Sederhananya, bahwa selamat dan tidak selamatnya seseorang di dunia dan di akherat kelak adalah yang pertama-tama adalah baiat dan tidak baiatnya seseorang kepada imam mereka. Sehingga kunci utama untuk selamat di dunia dan masuk Jannah bagi mereka adalah berbaiat kepada Imam mereka. Sungguh memprihatinkan kondisi mereka.
Padahal dalam banyak haditsnya Nabi Muhammad Shallallahu ‘alaihi Wassallam menganjurkan untuk berdakwah kepada tauhid (mengesakan Allah dalam hal Rubbubiyah, Uluhiyyah dan asma wa sifat). Demikian juga para ulama telah sepakat bahwa di antara hal yang paling penting untuk diketahui dan di amalkan oleh seorang muslim adalah rukun islam dan rukun iman. Sedangkan berbaiat tidak ada satu ulamapun yang memasukkannya ke dalam rukun islam maupun rukun iman.
Dalam rangka berpartisipasi dalam dakwah sekaligus wujud kongkrit taubat saya terhadap faham-faham tersebut di atas yang menyimpang terhadap dakwah alus sunnah, kami nukilkan penjelasan salah satu ulama dari ulama ulama ahlus sunnah yang ada. Sebagaimana alenia berikut.
Penjelasan secara detail tentang prinsip Ahlussunnah / Salafy /Salafi
disadur dari Buku Bingkisan Ilmu dari Yaman
untuk Muslimin Indonesia oleh Asy-Syaikh Abdullah bin Mar’i hafidzahullahu
Mendengar dan taat kepada para pemimpin kaum muslimin sama halnya dia baik atau jahat serta siapa saja yang memegang jabatan khalifah lalu orang-orang berkumpul (tunduk) dibawah kekuasaannya dan ridha kepadanya, atau siapa yang mengambil alih kekuasaan atas kaum muslimin dengan pedang sehingga dia menjadi khalifah dan disebut amirul mukminin.
Termasuk prinsip Ahlussunnah adalah menaati para pemimpin kaum mukminin , sebagaimana dalam firman Allah :
“Hai orang-orang yang beriman, taatilah Allah dan taatilah Rasul (Nya), dan ulil amri di antara kamu.” (QS. An-Nisaa’ : 59)

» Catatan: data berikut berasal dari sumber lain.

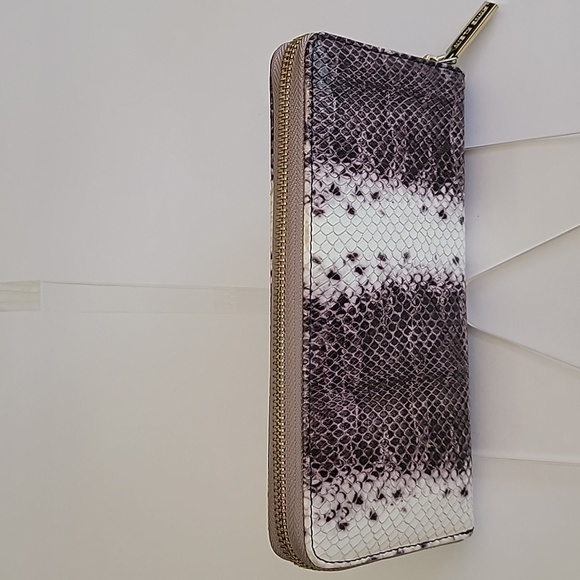 ANNE KLEIN BROWN AND CREAM SNAKE PRINT WALLET - Picture 3 of 6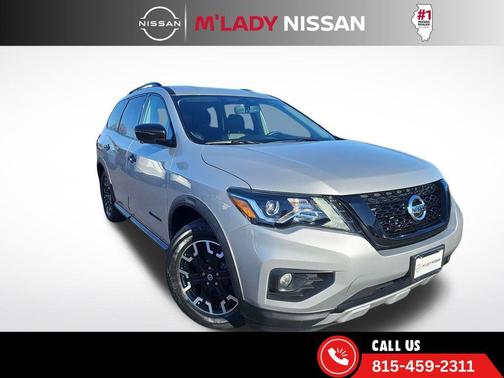 2019 Nissan Pathfinder SL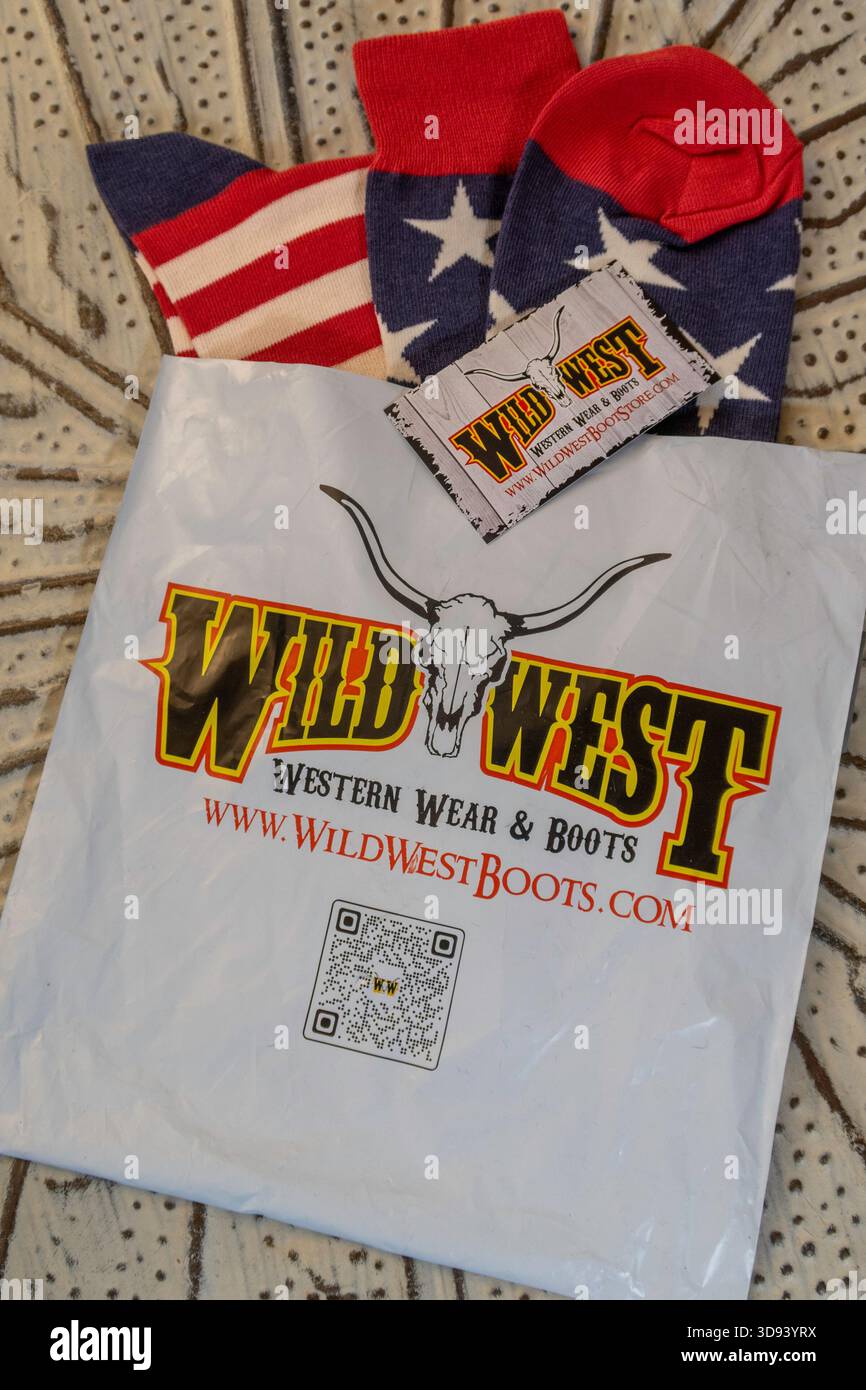 Calze a tema STILL Life of American flag ordinate sul sito web wildwestboots.com, 2025, Stati Uniti Foto Stock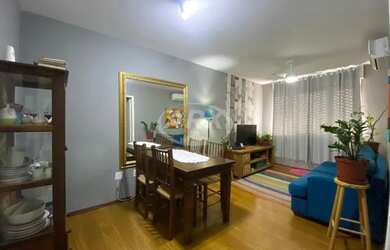 Imagem: O apartamento possui 3 Dormitórios, 1 Banheiro, 1 Vaga na garagem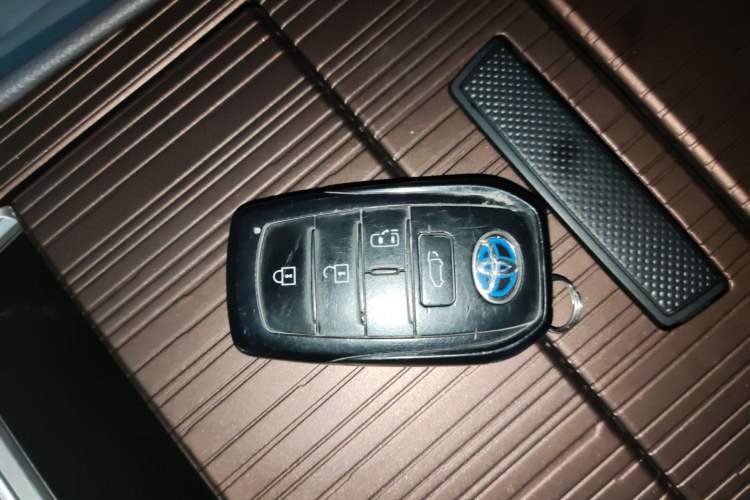 Used Toyota Granvia 2023 2.5L Hybrid Prestige PLUS Edition Vehicle Key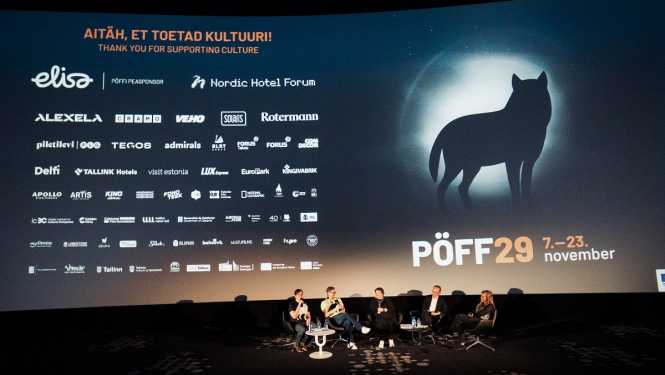 Tallinas kinofestivāla "Melnās naktis / Pimedate Ööde Filmifestival (PÖFF)" pasākums kino teātra zālē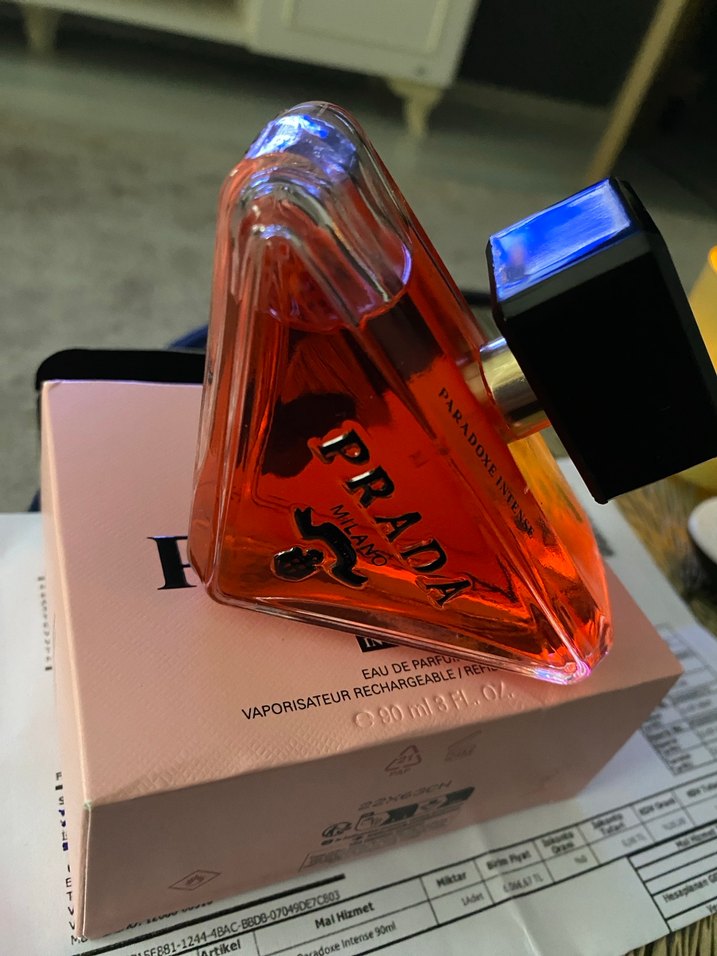 Prada paradoxe Intense Kadın Parfümü 90 ml - Görsel 3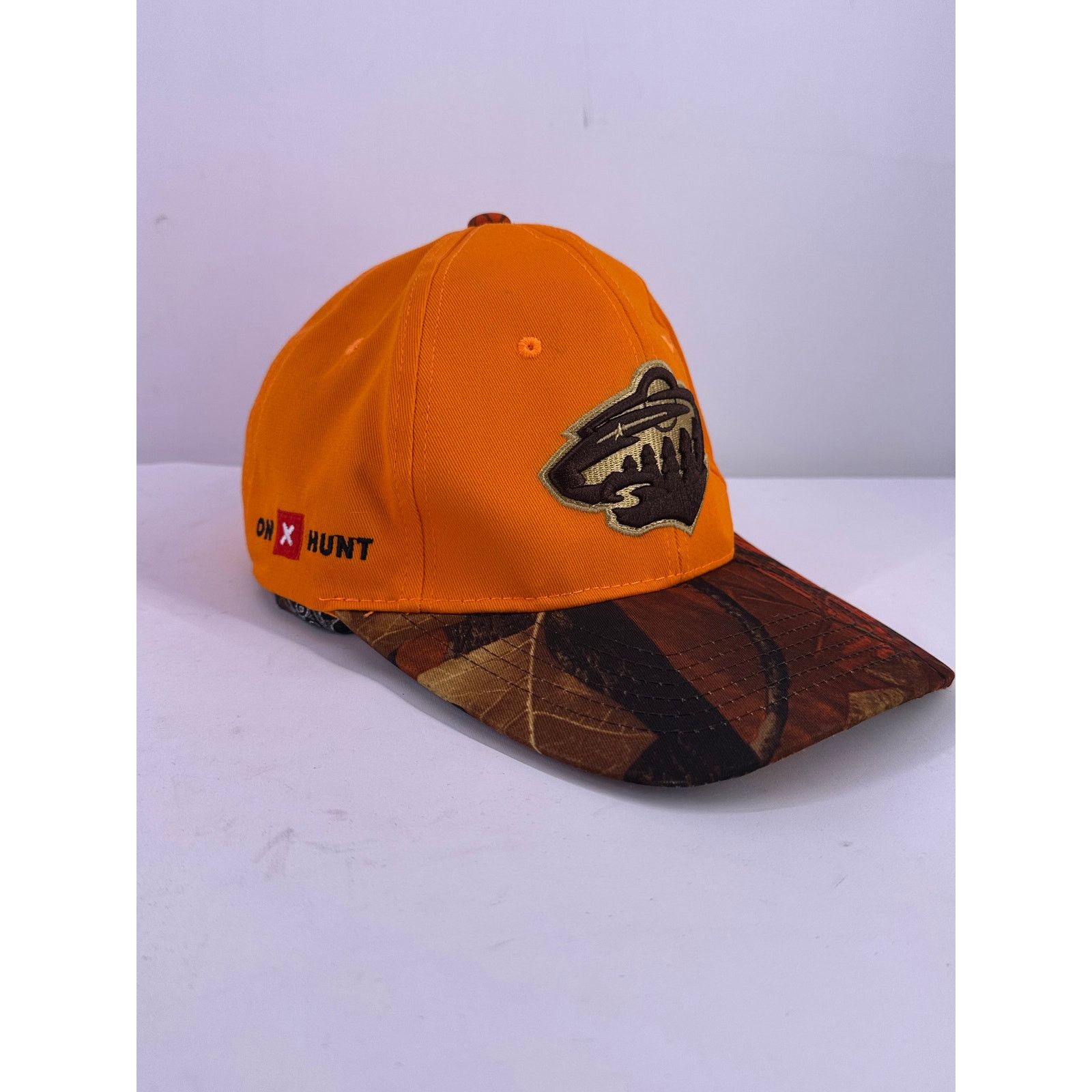 & Other Stories Minnesota Timberwolf’s Orange Camo Hat PheasantFever OneSize Size ONE SIZE - 3 Thumbnail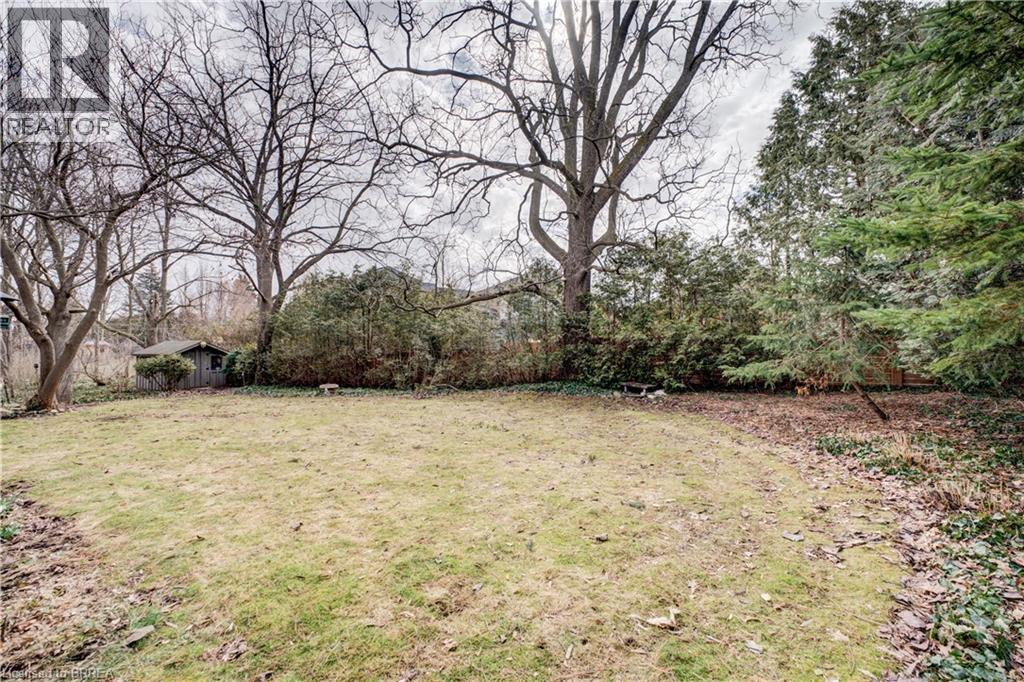 9 Summerhayes Crescent, Brantford, Ontario  N3R 5H9 - Photo 38 - 40810330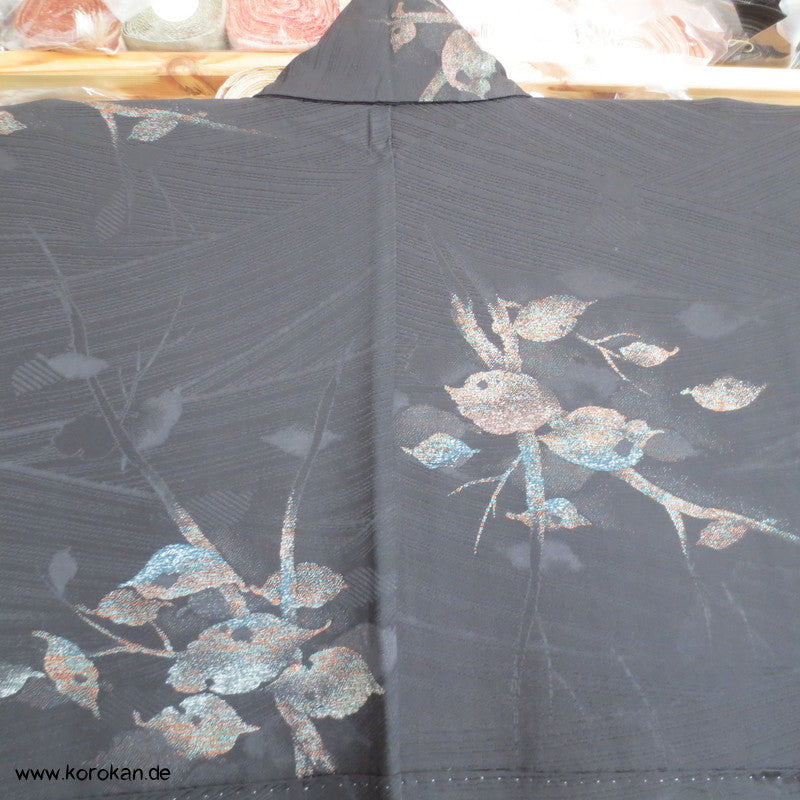 gewebtes glitzerndes Blütenmuster Omeshi Urushi Komon Kimono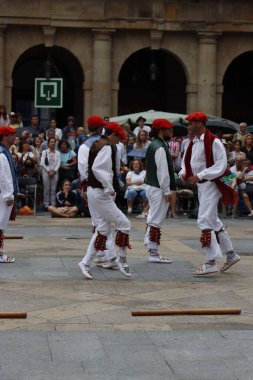 Sokakta Bask halk dansı festivali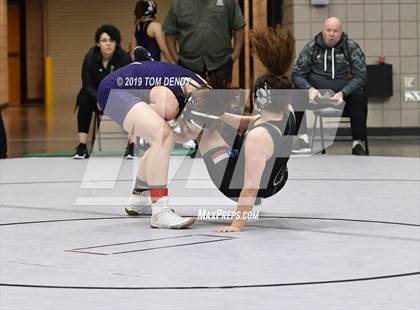 Thumbnail 2 in UIL 6A District 9 Championships photogallery.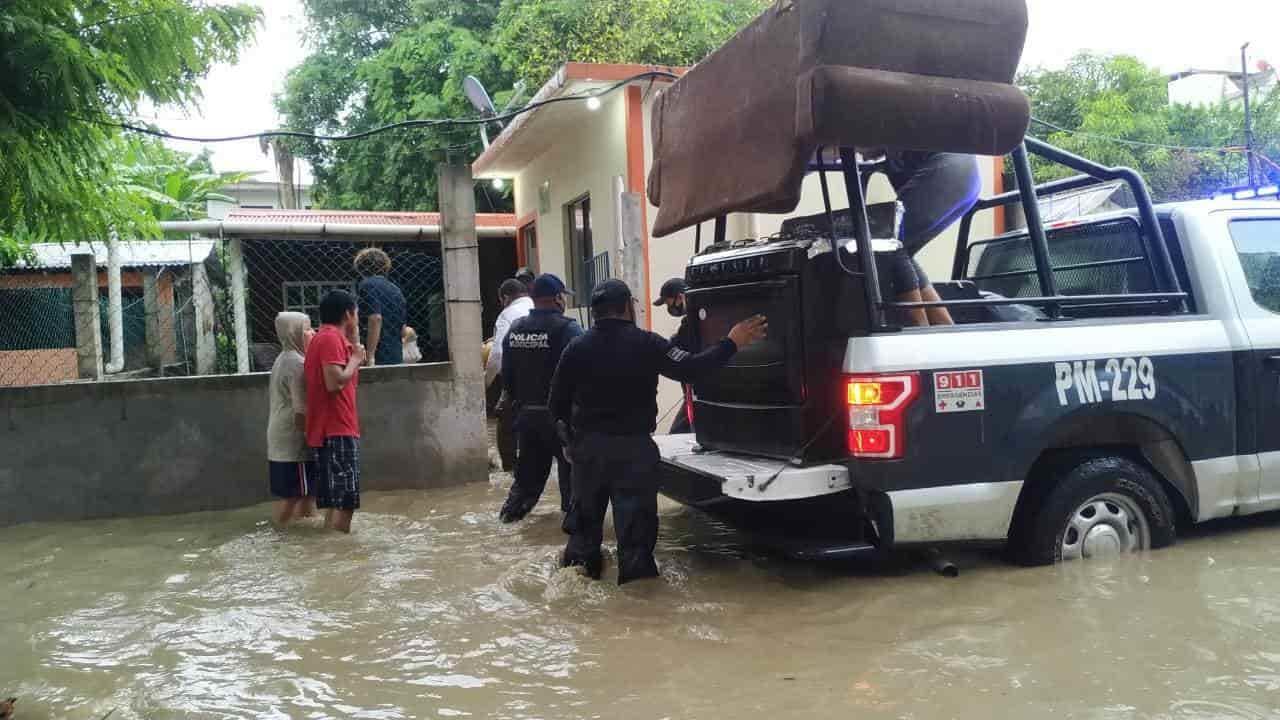 Por desbordamiento del río Cazones, decenas de familias son evacuadas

Ulil amri adalah ulama dan Umara’.
Assunnah banyak menyebutlkan hadits tentang ini, diantaranya hadits ubadah bin Ash shamit radhiallahu anhu dalam shahihain yang berkata : ”kami berbaiat kepada Rasulullah untuk mendengar dan taat ketika sendiri atau di depan orang banyak, saat lapang ataupun sempit dan saat dilakukan monopoli harta terhadap kami, serta agar kami tidak merebut kekuasaan dari pemiliknya, kecuali kalau kami melihat padanya kekufuran yang jelas yang kami mempunyai bukti yang nyata tentangnya.”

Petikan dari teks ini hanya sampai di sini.